Münich de Steven Spielberg : le « scénario ».

Spielberg a tenté, avec Münich, une approche du conflit du proche-orient qui ménage la possibilité d’un dialogue et d’une compréhension de l’autre. Très difficile, cependant, de respecter à la fois le principe de complexité et celui d’ouverture. On ne peut que désirer celui-ci malgré le fait que, du côté des parties impliquées dans le conflit, existent des points de vue radicaux et totalement centrés sur soi. Ainsi bien que les qualités du film soient évidentes je ne suis pas certain que Spielberg soit parvenu a maîtrisé son propos. La responsabilité du réalisateur est écrasante : comment éviter à la fois de verser de l’huile sur le feu, de respecter les légitimités qui s’affrontent et de rendre compréhensible un conflit à multiples dimensions?

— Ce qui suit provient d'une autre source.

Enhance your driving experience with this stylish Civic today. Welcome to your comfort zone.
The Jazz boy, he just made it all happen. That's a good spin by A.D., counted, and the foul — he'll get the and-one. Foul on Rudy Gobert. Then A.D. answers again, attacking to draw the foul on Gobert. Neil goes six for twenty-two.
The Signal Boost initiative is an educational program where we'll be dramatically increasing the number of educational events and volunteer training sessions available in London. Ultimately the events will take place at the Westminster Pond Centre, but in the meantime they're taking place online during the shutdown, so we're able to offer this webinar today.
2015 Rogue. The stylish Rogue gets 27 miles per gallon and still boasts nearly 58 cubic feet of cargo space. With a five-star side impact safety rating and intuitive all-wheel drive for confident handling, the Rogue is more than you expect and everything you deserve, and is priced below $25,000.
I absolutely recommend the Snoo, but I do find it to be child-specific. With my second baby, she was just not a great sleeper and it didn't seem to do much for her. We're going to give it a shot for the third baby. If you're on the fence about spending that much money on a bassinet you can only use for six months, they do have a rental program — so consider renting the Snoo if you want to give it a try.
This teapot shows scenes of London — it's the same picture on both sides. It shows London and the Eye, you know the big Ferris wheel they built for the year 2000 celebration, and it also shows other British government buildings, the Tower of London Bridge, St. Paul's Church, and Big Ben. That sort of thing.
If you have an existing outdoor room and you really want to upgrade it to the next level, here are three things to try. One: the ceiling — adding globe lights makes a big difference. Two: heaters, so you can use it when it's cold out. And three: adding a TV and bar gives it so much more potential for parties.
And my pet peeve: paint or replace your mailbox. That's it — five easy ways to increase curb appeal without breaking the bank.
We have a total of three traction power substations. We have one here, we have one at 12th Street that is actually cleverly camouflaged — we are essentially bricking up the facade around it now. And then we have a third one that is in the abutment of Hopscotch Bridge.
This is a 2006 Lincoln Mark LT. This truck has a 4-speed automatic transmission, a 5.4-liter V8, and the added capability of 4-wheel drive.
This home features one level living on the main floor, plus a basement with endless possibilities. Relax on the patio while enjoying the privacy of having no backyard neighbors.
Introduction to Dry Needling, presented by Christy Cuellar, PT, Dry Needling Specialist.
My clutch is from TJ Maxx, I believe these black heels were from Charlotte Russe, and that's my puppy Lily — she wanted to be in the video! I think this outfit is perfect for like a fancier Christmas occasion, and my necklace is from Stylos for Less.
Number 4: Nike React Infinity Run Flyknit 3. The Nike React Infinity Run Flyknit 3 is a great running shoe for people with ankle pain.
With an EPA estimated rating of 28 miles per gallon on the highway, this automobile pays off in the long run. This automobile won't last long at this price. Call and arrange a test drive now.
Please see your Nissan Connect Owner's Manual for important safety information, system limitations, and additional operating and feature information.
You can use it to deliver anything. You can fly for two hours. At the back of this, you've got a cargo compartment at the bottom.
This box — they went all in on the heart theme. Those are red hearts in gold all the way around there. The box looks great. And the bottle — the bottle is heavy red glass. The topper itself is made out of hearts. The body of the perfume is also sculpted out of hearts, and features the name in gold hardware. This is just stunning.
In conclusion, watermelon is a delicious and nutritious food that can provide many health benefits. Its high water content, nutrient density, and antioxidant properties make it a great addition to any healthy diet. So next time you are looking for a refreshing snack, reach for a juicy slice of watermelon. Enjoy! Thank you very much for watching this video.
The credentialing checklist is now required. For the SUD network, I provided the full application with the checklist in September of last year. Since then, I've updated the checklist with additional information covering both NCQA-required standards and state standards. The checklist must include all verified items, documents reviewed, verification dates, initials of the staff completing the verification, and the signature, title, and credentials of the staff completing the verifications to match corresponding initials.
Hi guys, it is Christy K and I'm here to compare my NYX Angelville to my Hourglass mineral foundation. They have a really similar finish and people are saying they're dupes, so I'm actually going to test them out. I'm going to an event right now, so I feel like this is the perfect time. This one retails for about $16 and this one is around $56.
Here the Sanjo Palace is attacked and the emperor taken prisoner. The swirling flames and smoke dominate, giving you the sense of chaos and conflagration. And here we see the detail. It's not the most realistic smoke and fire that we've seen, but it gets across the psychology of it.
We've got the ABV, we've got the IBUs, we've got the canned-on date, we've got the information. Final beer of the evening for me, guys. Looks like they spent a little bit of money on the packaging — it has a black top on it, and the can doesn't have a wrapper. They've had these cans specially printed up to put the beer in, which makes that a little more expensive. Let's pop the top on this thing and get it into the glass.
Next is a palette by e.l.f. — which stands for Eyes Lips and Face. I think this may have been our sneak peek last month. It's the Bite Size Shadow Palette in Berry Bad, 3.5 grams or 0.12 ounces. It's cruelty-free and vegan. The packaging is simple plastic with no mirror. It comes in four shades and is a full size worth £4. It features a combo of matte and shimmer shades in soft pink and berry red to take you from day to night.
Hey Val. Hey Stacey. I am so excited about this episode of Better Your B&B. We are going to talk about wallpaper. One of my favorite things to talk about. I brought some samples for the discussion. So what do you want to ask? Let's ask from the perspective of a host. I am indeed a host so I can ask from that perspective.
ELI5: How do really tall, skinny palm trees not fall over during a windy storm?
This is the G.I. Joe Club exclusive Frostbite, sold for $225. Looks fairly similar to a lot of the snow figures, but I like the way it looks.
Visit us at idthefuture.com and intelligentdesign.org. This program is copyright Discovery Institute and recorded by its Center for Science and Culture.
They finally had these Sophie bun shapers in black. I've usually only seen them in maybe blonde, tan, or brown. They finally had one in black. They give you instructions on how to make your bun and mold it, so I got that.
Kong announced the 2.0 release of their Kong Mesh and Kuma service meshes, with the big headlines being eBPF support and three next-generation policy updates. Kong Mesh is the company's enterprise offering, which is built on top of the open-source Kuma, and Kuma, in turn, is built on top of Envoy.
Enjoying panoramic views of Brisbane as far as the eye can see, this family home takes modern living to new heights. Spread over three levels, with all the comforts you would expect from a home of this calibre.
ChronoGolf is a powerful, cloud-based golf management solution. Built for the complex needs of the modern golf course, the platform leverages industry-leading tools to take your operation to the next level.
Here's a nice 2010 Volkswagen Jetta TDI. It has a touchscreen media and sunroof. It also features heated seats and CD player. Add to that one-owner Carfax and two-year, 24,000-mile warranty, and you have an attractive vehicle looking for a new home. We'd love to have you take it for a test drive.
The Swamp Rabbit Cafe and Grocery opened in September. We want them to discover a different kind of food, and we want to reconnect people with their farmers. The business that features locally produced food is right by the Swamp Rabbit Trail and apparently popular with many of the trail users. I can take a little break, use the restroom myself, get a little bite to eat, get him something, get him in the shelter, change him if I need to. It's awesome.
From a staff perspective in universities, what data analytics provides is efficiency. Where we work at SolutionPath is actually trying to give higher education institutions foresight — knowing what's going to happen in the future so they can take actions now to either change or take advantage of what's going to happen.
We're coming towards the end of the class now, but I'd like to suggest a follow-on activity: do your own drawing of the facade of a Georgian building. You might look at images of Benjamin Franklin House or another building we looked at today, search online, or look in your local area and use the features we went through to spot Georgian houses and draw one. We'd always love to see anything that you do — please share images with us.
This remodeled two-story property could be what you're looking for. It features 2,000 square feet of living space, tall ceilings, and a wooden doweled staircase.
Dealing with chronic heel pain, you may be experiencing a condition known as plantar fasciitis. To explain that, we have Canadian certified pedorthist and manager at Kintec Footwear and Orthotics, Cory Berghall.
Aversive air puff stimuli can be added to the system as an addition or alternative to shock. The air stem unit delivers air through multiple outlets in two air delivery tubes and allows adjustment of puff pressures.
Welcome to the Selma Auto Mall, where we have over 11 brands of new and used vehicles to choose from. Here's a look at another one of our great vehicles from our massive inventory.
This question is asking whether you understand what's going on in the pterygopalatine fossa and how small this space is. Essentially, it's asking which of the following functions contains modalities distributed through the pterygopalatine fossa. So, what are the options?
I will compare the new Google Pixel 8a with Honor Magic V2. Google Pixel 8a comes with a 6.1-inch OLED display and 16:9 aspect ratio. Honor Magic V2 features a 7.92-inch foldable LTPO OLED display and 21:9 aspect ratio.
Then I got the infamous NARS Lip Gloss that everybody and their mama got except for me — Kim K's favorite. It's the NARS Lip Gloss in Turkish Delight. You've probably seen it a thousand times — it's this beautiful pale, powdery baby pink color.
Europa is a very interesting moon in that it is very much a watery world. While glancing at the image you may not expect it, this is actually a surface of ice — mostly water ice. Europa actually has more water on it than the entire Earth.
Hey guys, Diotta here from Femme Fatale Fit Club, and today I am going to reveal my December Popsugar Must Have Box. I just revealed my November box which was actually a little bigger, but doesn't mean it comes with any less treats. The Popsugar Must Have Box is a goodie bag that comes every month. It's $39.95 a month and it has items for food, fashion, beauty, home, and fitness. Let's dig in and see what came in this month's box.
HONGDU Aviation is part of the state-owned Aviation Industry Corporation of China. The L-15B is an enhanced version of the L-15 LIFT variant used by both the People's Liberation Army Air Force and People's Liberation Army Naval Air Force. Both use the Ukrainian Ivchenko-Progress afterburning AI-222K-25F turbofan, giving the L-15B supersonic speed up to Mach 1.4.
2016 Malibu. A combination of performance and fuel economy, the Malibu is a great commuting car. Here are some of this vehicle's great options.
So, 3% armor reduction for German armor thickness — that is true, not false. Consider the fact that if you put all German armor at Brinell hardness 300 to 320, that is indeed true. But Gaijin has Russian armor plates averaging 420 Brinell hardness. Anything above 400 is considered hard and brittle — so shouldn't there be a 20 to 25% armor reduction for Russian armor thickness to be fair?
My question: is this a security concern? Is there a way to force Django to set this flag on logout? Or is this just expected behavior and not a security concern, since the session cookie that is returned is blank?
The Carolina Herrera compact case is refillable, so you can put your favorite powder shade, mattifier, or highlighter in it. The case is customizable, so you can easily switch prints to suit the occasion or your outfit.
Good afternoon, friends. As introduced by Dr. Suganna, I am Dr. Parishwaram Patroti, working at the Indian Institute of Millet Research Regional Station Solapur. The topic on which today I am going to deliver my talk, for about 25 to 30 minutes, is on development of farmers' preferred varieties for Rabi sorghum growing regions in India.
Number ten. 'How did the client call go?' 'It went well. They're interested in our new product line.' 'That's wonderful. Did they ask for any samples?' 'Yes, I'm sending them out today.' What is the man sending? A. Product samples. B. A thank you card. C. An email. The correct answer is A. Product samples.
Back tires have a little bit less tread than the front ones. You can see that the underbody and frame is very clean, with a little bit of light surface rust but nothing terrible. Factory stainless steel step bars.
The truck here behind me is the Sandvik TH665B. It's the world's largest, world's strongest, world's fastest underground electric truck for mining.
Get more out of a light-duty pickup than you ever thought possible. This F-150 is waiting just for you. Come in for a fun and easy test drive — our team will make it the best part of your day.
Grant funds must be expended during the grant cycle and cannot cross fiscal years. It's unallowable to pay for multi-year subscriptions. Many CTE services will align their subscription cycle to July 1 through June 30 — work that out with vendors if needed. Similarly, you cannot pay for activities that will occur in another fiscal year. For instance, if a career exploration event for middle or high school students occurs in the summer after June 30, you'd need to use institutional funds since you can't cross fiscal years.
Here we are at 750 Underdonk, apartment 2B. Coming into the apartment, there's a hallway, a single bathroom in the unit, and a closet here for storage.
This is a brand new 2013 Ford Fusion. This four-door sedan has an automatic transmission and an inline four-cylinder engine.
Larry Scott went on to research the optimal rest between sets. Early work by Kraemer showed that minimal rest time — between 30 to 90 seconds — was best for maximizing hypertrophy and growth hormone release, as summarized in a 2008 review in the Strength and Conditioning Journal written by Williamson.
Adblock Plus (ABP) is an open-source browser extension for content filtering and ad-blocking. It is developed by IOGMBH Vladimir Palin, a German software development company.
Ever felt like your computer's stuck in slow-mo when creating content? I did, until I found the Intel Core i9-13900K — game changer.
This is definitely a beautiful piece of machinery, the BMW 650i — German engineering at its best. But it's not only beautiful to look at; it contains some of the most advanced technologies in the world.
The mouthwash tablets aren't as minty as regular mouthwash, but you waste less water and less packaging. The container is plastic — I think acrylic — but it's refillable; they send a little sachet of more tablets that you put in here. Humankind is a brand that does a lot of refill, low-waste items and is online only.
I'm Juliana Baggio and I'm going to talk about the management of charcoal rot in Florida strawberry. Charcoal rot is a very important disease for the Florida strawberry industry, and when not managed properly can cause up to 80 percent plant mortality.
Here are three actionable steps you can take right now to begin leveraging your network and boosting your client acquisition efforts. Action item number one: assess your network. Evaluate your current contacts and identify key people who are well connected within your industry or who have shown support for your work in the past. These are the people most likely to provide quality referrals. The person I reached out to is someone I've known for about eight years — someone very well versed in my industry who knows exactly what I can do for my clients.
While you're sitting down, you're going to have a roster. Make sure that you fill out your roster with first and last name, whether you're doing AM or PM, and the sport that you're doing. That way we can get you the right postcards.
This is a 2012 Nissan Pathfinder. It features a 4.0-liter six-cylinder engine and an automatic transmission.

Une profonde et sourde inquiétude perce cependant qui peut expliquer pourquoi le film semble dire : une machine infernale est en route, nous sommes dans un espace tragique, essayons de nous dégager du mécanisme. La question est bonne. Mais elle est très difficile et les solutions pratiques sont tout sauf évidentes. Ainsi nous comprenons bien ce qui a pu animer le gouvernement israélien au lendemain des attentats de Münich. Il a agit moins par vengeance immédiate, comme n’importe quel "sujet" peut le faire, que dans le souci de montrer qu’il est capable de protéger fondamentalement le peuple dont il exprime la volonté de souveraineté et d’indépendance. Ce faisant, et le trouble de Arvi Kaufmann, le chef du commando spécial du Mossad chargé de rechercher les organisateurs des attentats et de les tuer, est tout à la fois psychologique et politique. Dans Cape et poignard Fritz Lang avait déjà bien posé le problème : à s’affronter au mal ne risque-t-on pas de finir par  lui ressembler? Il ne s’agit pas ici de basse polémique mais de reconnaître que telle est bien la partie la plus difficile du combat. Si tuer est un crime absolu qu’advient-il quand nous sommes confrontés à des puissances qui banalisent ou sanctifient le meurtre? Les meurtriers, toujours, chercheront à effacer le caractère immoral de leurs objectifs et de leurs plans. La cause palestinienne, quel que soit le degré de légitimité qu’on lui reconnaît, devient la pièce principale d’un mécanisme destiné à terme à effacer l’immoralité du projet de destruction de "l’état juif". Quand Arvi Kauffmann se rend compte que les terroristes qu’il a éliminé sont remplacés par d’autres, bien pires, il révèle les rouages du mécanisme qui se met en place.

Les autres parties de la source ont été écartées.